日本人の知らない側面2:多様なルーツにマーケターが大喜び

 2019年10月には日本国籍を選択したが、そのことがアメリカでネガティブに働く可能性は低いだろう。日本を含める多様なルーツこそ、人気の要因になっているからだ。ハイチのルーツを持ち大阪で生まれ幼少期より米国で育った大坂なおみの多文化的な側面は、主要メディアにおいて「次世代の象徴」として賞賛されることが多い。

 欧米メディアが大坂なおみを評す際のもう一つの決まり文句は「マーケターが大喜びする存在」といったもの。多様なルーツを持つ大坂は、日米ハイチのみならずさまざまな地域で支持を獲得できるポテンシャルがある。マーケティング業界からすれば「さまざまな地域で収益を見込めるスター」となるわけだ。

 事実、彼女をグローバル・ブランドアンバサダーに起用したMastercardは、契約に際して「日本のみならず世界中の若き人々にインスピレーションを授ける選手」と讃えている。大坂本人は、ルーツについて問われても「私は私」と返しているのだが、その姿勢も、複雑なアイデンティティを生きる若者やマイノリティ層からリスペクトを得る要因だろう。

「私のような人が頂点に立つのは見たことがない」

 スポーツ界で絶大な影響力を誇るNikeがadidasと激しい競争を経て巨額契約したことも働いて、早速2019年度SportsPro Media『もっともマーケタブルなアスリート』第1位に選出されており、経済誌Forbes『世界で最も稼ぐ女子スポーツ選手ランキング』ではウィリアムズに次ぐ第2位をマークしている。スポンサーシップ契約も華やかだ。P&Gや資生堂、セイコーといった大企業のほかに、国際展開を狙う新興ブランドともディールを結んでいる。

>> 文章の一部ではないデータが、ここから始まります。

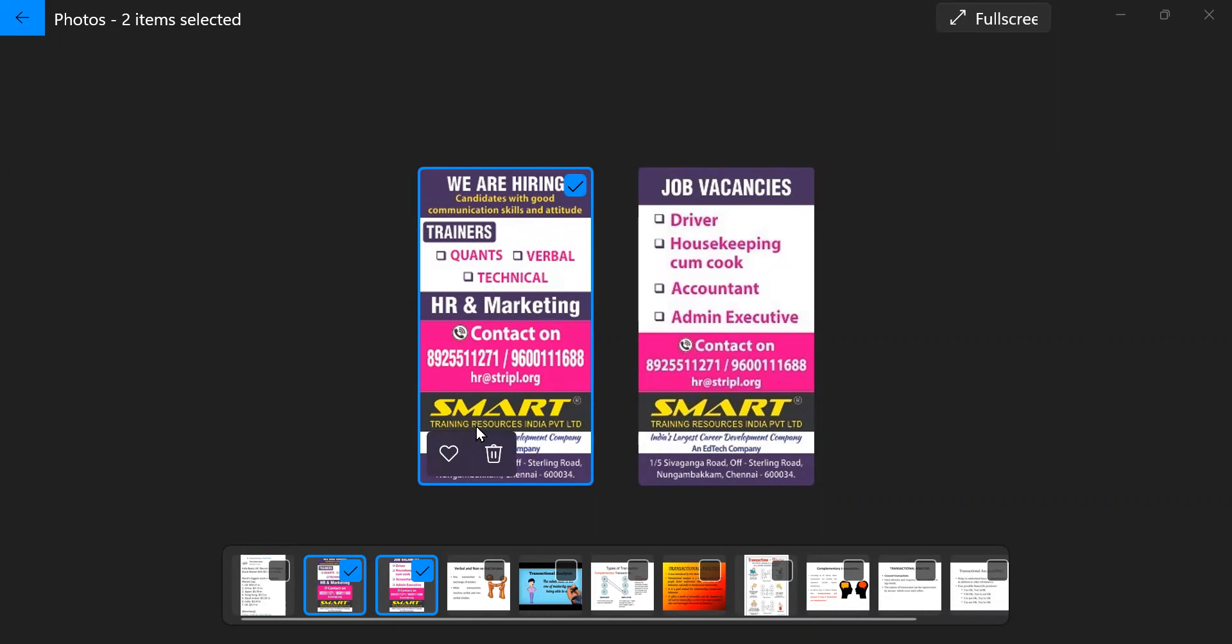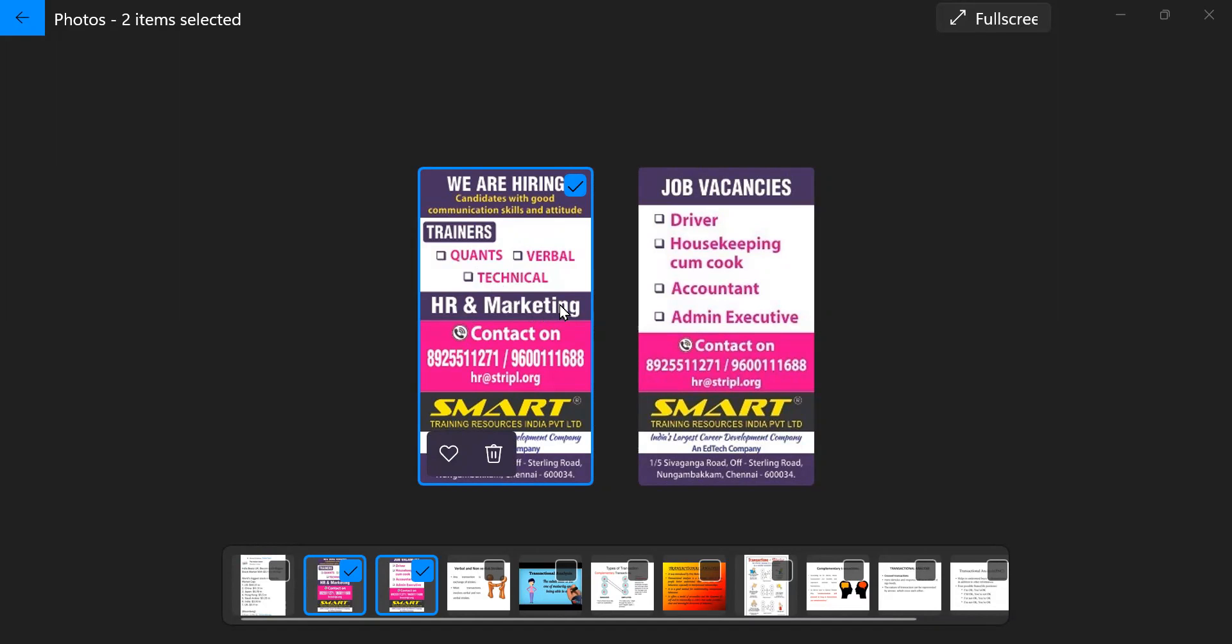They are hiring candidates with good communication skills and attitude for the post of trainers in quants and reasoning, verbal and soft skills, technical areas, for example computer and other technical areas, also HR and marketing.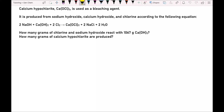Calcium hypochlorite, or CaOCl2, is used as a bleaching agent. It is produced from sodium hydroxide, calcium hydroxide, and chlorine according to the following equation. How many grams of chlorine and sodium hydroxide react with 1067 grams of calcium hydroxide? And the second question is how many grams of calcium hypochlorite are produced?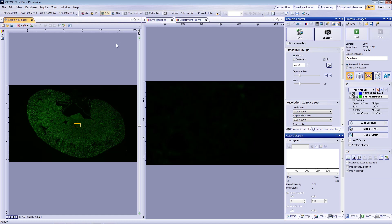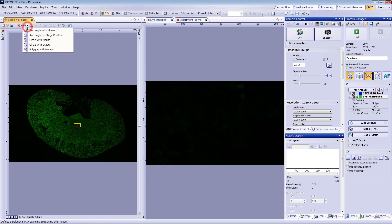To start, click the Create Polygon scanning area with mouse icon, and draw a line around the kidney section on the Overview image.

 前出の、静かで謙虚なイメージも広範囲な人気とマーケティングの鍵になっている。とくに北米において、スター・アスリートは、話し上手で派手な人柄が多い。そのなかで「あまり話すことに長けてない」と自己申告する大坂はまさしく特異であり、本人ですら「私のような人が頂点に立つのは見たことがない」と認めるほどである。

 SportsPro Mediaに取材されたマーケターは、大坂の内気さがブランドに落ち着いた印象を与えるメリットを指摘している。消費者に親近感を与えるイメージも重要だ。ソーシャルメディアが影響力を高める昨今、若年層は完璧なスターではなく、彼女のような共感できる存在を求める傾向にある。

日本人の知らない側面3:起業・投資分野に興味津々

 日本であまり知られていない大坂のイメージとして「意欲的なビジネス・パーソン」であることが挙げられるかもしれない。アメリカのスポーツ界では、ベテランになってから起業・投資分野に本格参入する選手が多いのだが、22歳の大坂は経済誌Forbesにてキャリアの早くから事業を行う決意を表明している。

 インタビュー中、お抱えのチームに自身の興味や性格と合致するブランドを探すことを依頼したと明かした大坂は、スポーツ飲料を手掛ける「ボディーアーマー」、フィットネス機具を手掛ける「ハイパーアイス」、電子機器を手掛ける「ミュージック」のベンチャー企業3社とパートナーシップを結んだだけではなく、3社の株式も受け取っているという。 「テニスコートの内外で世界的な影響を与えたい」と言ってミュージック社のスマート・ヘッドフォン製作にも携わってしまったというのだから驚きだ。

 男性選手よりも報酬が低い傾向にある女性アスリートだが、昨今はソーシャルメディアを駆使してさまざまな高報酬ビジネスが行える環境ができあがりつつある。ビジネス面でも、大坂なおみは新時代の象徴と言えるだろう。

 アスリートの商業的キャリアは、結局のところ、本業での勝利に支えられる。大坂が出場する次なるグランドスラム、そして2020年東京オリンピックは、世界中から注目を浴びる大舞台になるだろう。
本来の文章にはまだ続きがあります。